A large number of bug fixes, feature additions, and logic corrections were made in version 2.2. In addition, indexing speed has been drastically improved (reports of indexing times changing from four hours to 5 minutes), and major parts of the indexing and search parsers have been rewritten. There's better debugging options, enhanced output formats, more document meta data (e.g. last modified date, document summary), options for indexing from external data sources, and faster spidering just to name a few changes. (See the CHANGES file for more information.

Since so much effort has gone into version 2.2, support for previous versions will probably be limited.

Are there binary distributions available for Swish-e on platform foo?

Foo? Well, yes there are some binary distributions available. Please see the Swish-e web site for a list at http://swish-e.org/.

In general, it is recommended that you build Swish-e from source, if possible.

Do I need to reindex my site each time I upgrade to a new Swish-e version?

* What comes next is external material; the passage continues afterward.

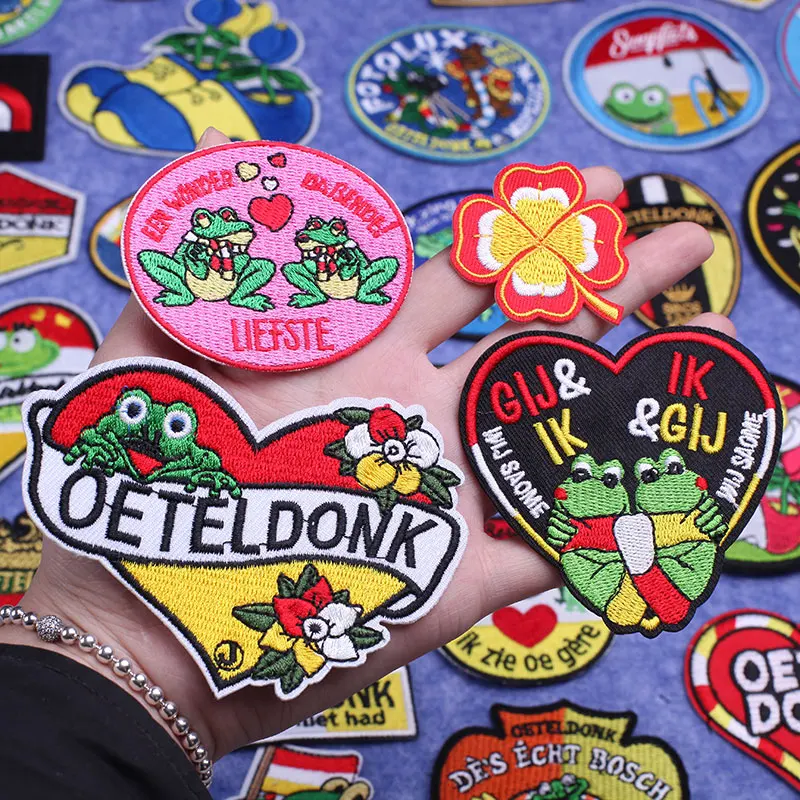 

2022 Oeteldonk Embleem Groot Patches for Clothing Carnaval Embleem Shoulder Epaulettes Ironing Applications Embroidery Iron On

At times it might not strictly be necessary, but since you don't really know if anything in the index has changed, it is a good rule to reindex.

What's the advantage of using the libxml2 library for parsing HTML?

Swish-e may be linked with libxml2, a library for working with HTML and XML documents. Swish-e can use libxml2 for parsing HTML and XML documents.

The libxml2 parser is a better parser than Swish-e's built-in HTML parser. It offers more features, and it does a much better job at extracting out the text from a web page. In addition, you can use the ParserWarningLevel configuration setting to find structural errors in your documents that could (and would with Swish-e's HTML parser) cause documents to be indexed incorrectly.

Libxml2 is not required, but is strongly recommended for parsing HTML documents. It's also recommended for parsing XML, as it offers many more features than the internal Expat xml.c parser.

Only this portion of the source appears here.